Mix Garden Produce supplies produce to the “who’s-who” list of local restaurants.

Barndiva is a family partnership between Geoffrey Hales (Jil’s husband) and eldest son Lukka Feldman.

Jil Hales writes, “We were… [committed] to the real goal of local farming, which is keeping sustainable agrarian traditions alive and vital.

They have owned a farm near Philo for more than 30 years.

Barndiva’s chef is Ryan Fancher. Hales says, “Ryan is an astonishing chef whose singular talent is allowing ingredients to sing.”

Hales states, “The world may come for the wine, but it stays for the food.”  She goes on, “…we’ve been honored to be able to contribute to supporting a foodshed with such diversity and quality.”

“We host thousands of wedding guests from all over the country who leave with indelible memories—we want one of them to be of what ‘real food’ tastes like,” she continues. 

“Our hope is that they will use the great culinary experience they had with us to seek out farmers’ markets where they live, because wherever that is, no matter the climate, chances are they have a seasonal foodshed that needs their support, one they will benefit [from] having a connection with.”

Chef Ryan Fancher, Barndiva’s “astonishing chef” says they, “Crafts dishes around what’s available and looks amazing.”

“Local produce drives the menu writing process,” Fancher continues, “If something amazing becomes available we try to find creative ways to work it onto the menu.”

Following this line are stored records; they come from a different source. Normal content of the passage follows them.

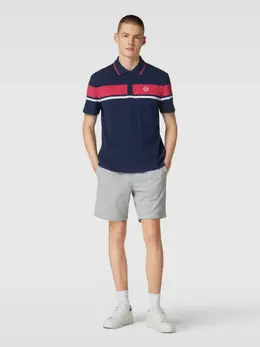 Sergio Tacchini: Синяя футболка 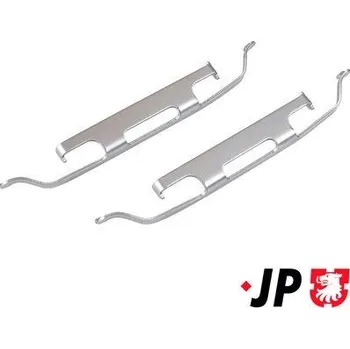Přislušenství brzdového systému Sada příslušenství, obložení kotoučové brzdy JP GROUP 4964002710
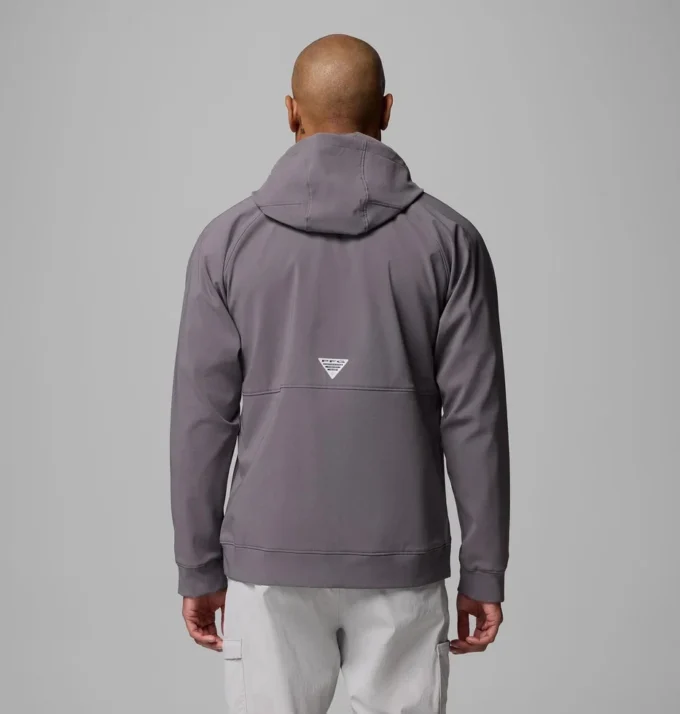 Herren-Kapuzenjacke mit durchgehendem Reißverschluss von Hydroforce™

This week says Fancher, he uses, “Stinging nettles, strawberries, artichokes, green garlic, spring onions, beets...” and a long list of other local produce, eggs, olive oils, honeycomb and herbs.

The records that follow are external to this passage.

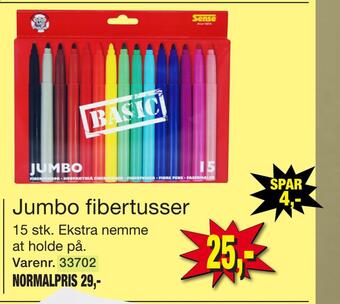 Harald Nyborg Jumbo fibertusser tilbud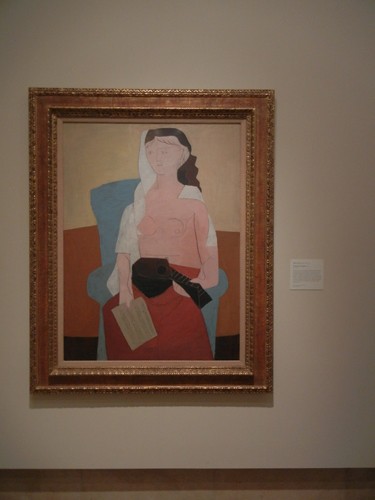 DSCN7831 _ Woman with Mandolin, 1925, 
Pablo Picasso (1881-1973), Norton Simon Museum, July 
2013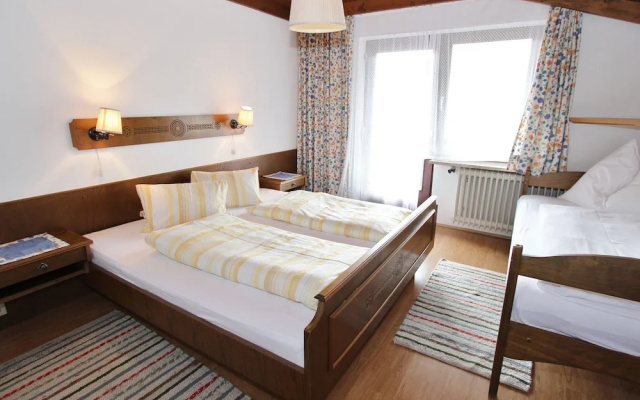 Stylish Apartment in Hollersbach im Pinzgau With Balcony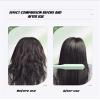 YBDXHA Lazy People Do Not Hurt The Hair Splint Dual-Purpose Comb Negative Ion Hair Care Hair Curling Iron is Very Suitable for Professional Salons at Home,Dark Green view 2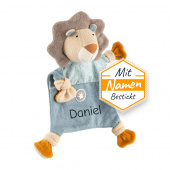 Besticktes Schnuffeltuch Löwe von Sigikid, Geschenk für Babys und Kleinkinder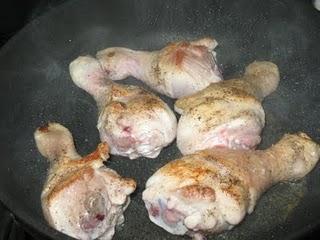 Pollo al chilindrón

Fancher even offers some food advice to readers, “Choose the best. Don’t over process. Keep it simple and elegant.”

My final stop of the week is with two of Simi Winery’s chefs.  I watch and create a digital video of chef Joshua Feliciano as he prepares a Margarita pizza with flare for the outdoor oven in Simi’s Landslide Terazzo. The Landslide Terazzo is a pizza restaurant open just Friday and Saturday seasonally.  It opened on May 13.

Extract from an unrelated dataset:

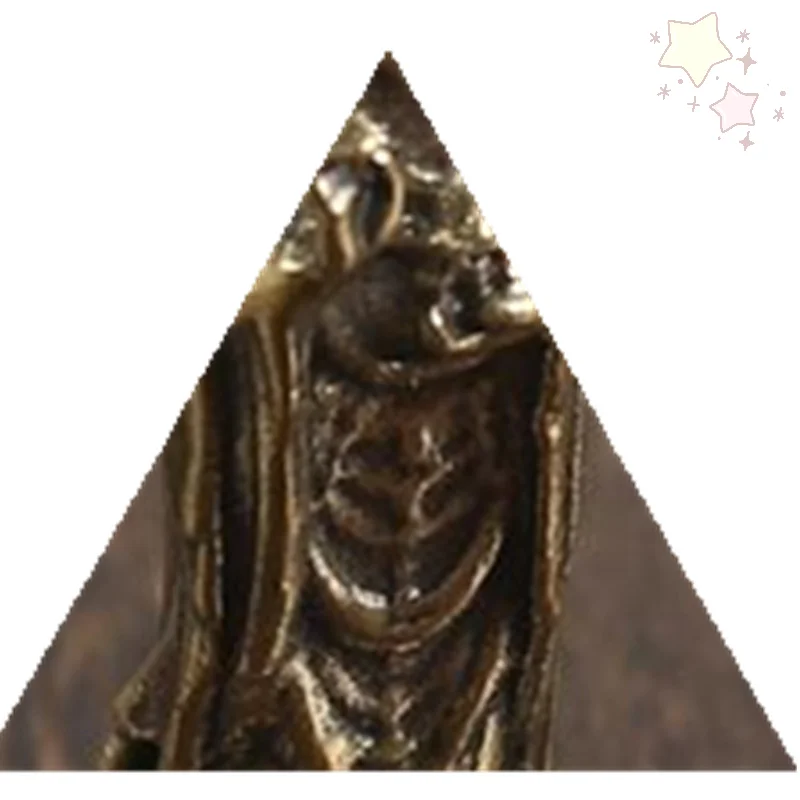 

Статуя Будды Гуаньинь Бодхисаттва украшение рабочего стола ремесло буддийский декор фигурка для дома алтарь медитация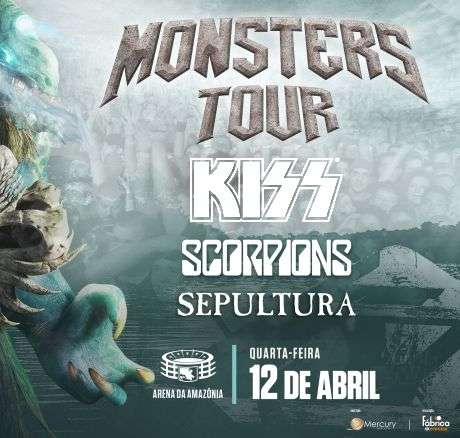 monster tour manaus 2023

Once again, at Simi, I find myself walking with Simi’s delightful PR rep, Kristen Green and Chef Eric Lee, through the gorgeous winery grounds up past the winery, out to the crush pad, where the new raised garden beds are located.

According to Lee, they used to get their garden produce from their own farm on Chalk Hill Road, but that was inconvenient, so they decided to create their own beds at the winery.  In addition, he has plans to create herb gardens along Healdsburg Avenue in containers that will be placed among the landscaped flower beds.

“What’s in our gardens are things planted specifically for the pizzas,” says Lee. “We are going to try to use only what is planted in our raised beds.”

I see the vegetable starts and the beautifully designed new planting boxes.  They contain a plethora of vegetable starts—Swiss chard, lettuces, torpedo onions, Padron and banana peppers, tomatoes and sugar snap peas.  In addition, at the edges there are blooming strawberry plants and citrus trees.

They purchase, as their plants grow, their vegetables from Love Farm Certified Organic, located on Grove Street and Sonoma Organics

Says Lee, “We source as much local as we can.”

In addition to the eateries mentioned, there are many others, like Dry Creek Kitchen, Scopa and Zin, who raise their own vegetables, purchase from MIX Produce, the Healdsburg Farmers' Market or other local farmers and ranchers.

It seems like Healdsburg really is as serious about its local farms and locally produced food as it is about its local wines—and that’s a good thing.